▼▼▼

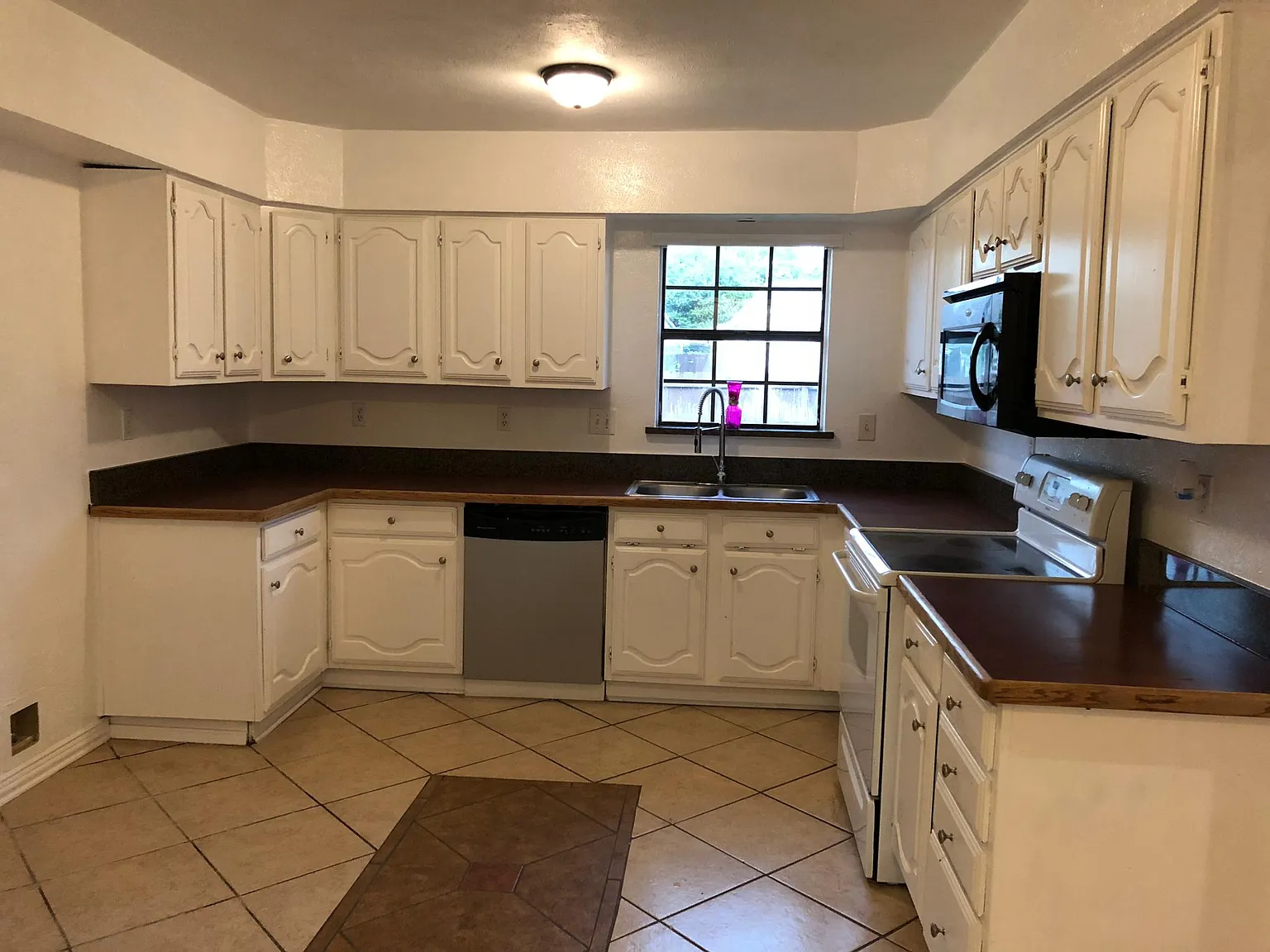 4 bed, 1800 sqft, $2,450 — Photo 3
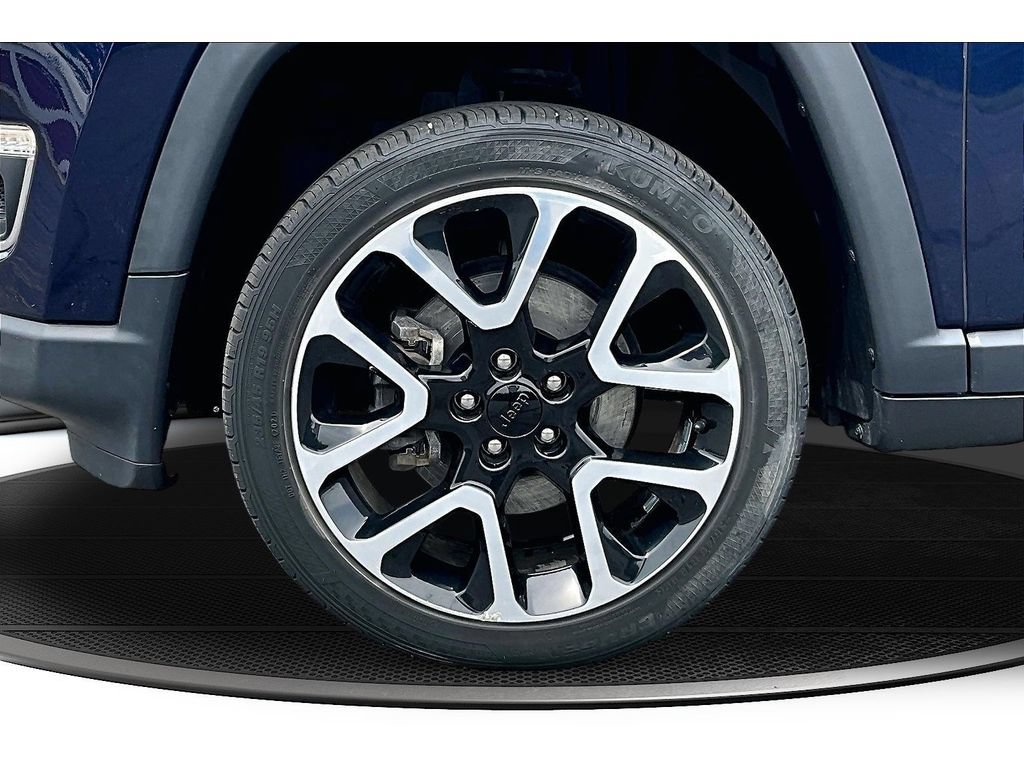 Used 2018 Jeep Compass Limited w/ Navigation Group AWD/4WD image 48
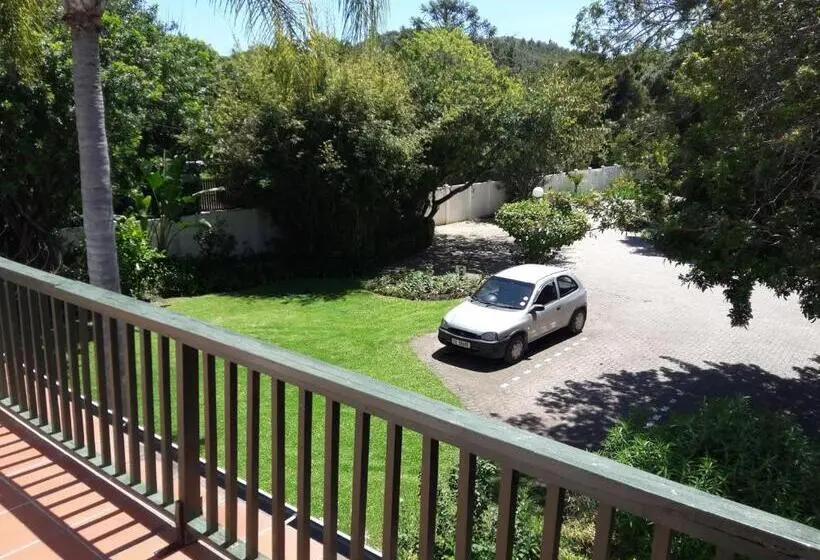 اتاق استاندارد با چشم‌انداز دریاچه, Point Lodge Knysna
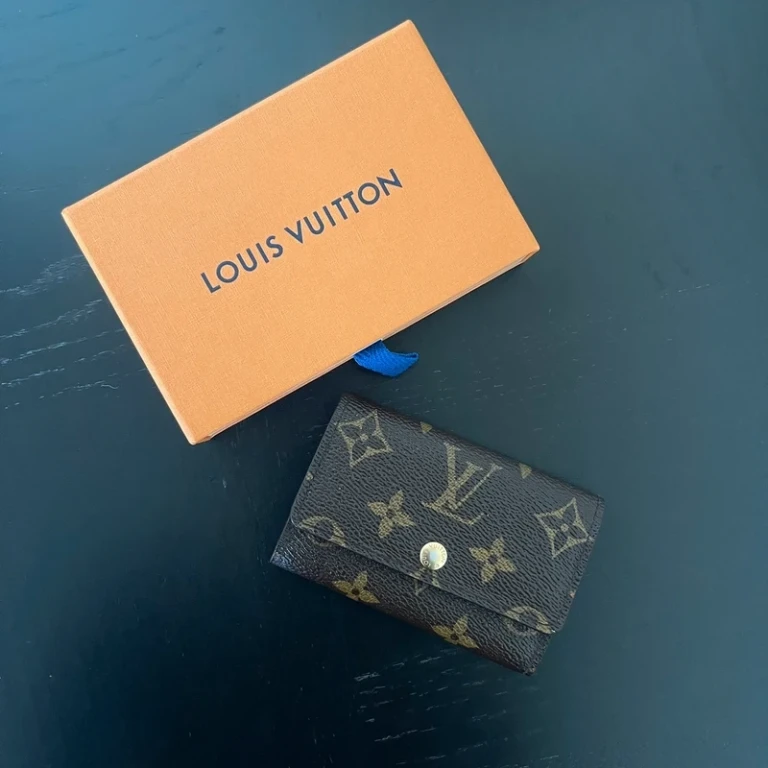 LUXE DE SECONDE MAIN AUTHENTIQUE. SAC DE LUXE LV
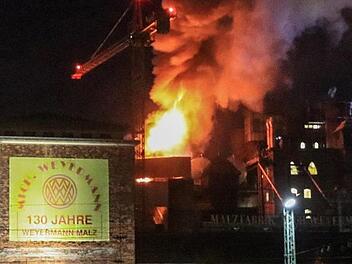 Meterhohe Flammen schlugen aus dem Dachstuhl der Malzfabrik Weyermann in Bamberg. Foto: News5/Merzbach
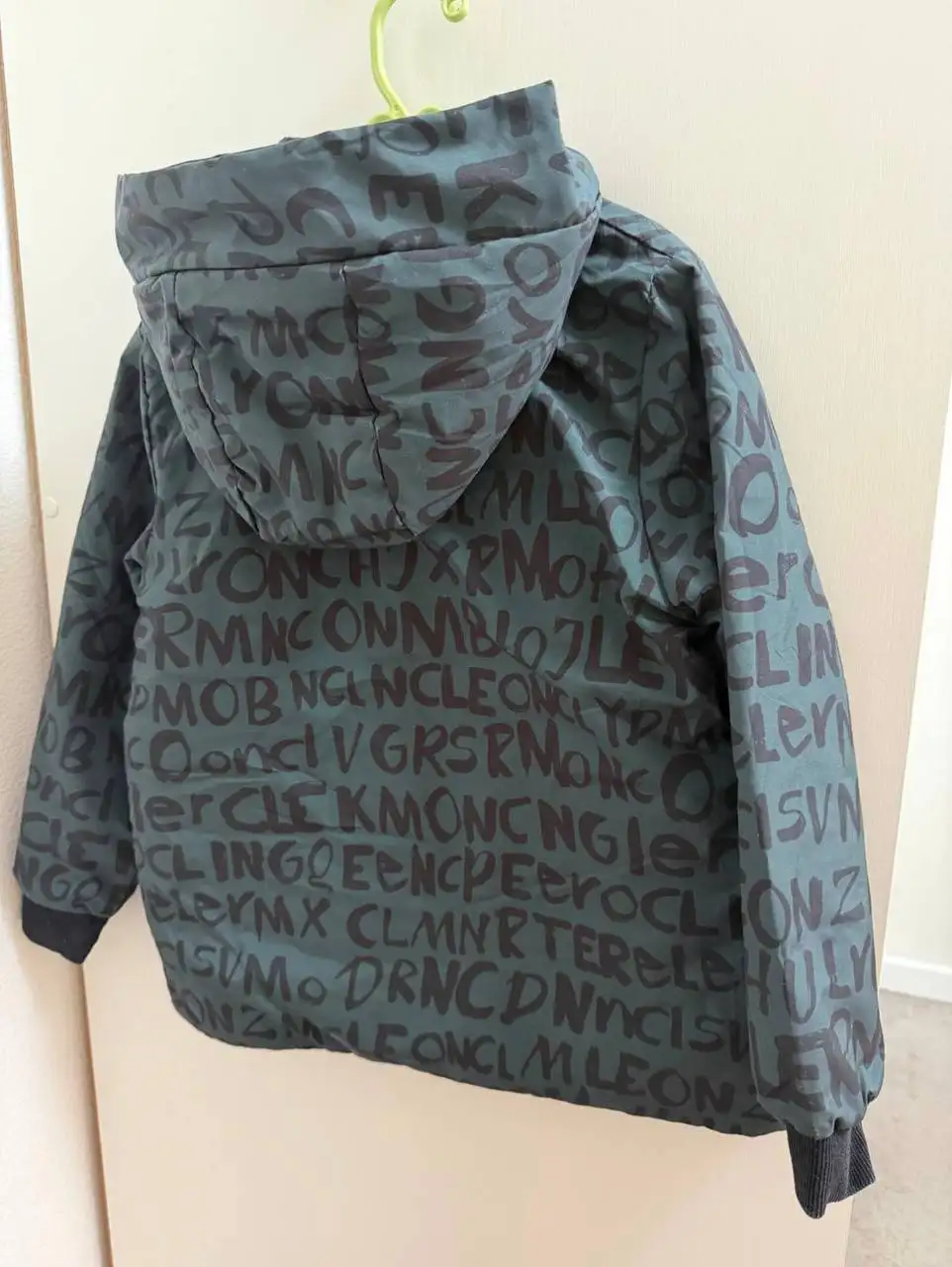 Демисезонная куртка 122 размер - Детская одежда (Одежда) в Люберцы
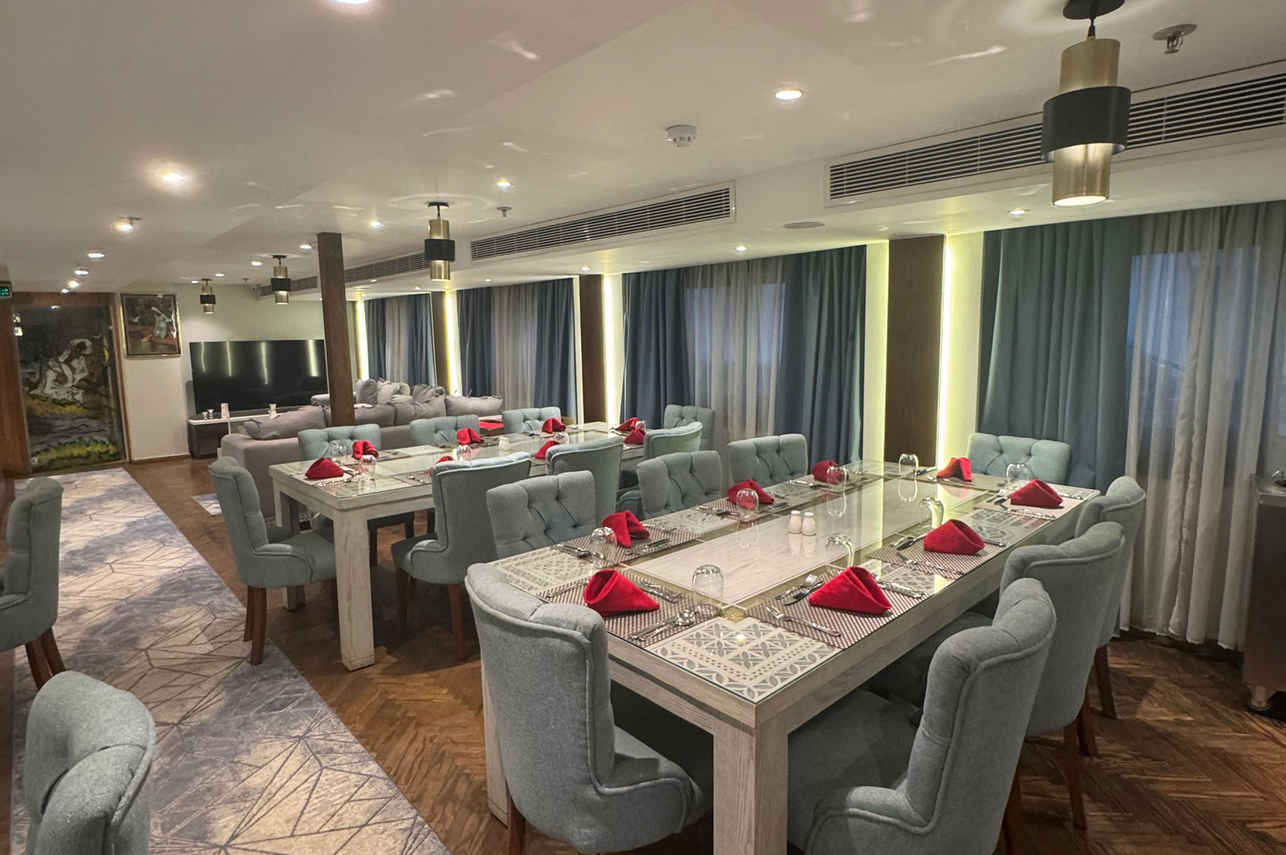 Salle à manger  - Iris Dahabiya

▲▲▲

Your assignment — Please reproduce the whole listing exactly; the pictures stay out.

Response to the exercise —
 4 bed, 1800 sqft, $2,450 — Photo 3
 Used 2018 Jeep Compass Limited w/ Navigation Group AWD/4WD image 48
 اتاق استاندارد با چشم‌انداز دریاچه, Point Lodge Knysna
 LUXE DE SECONDE MAIN AUTHENTIQUE. SAC DE LUXE LV
 Meterhohe Flammen schlugen aus dem Dachstuhl der Malzfabrik Weyermann in Bamberg. Foto: News5/Merzbach
 Демисезонная куртка 122 размер - Детская одежда (Одежда) в Люберцы
 Salle à manger  - Iris Dahabiya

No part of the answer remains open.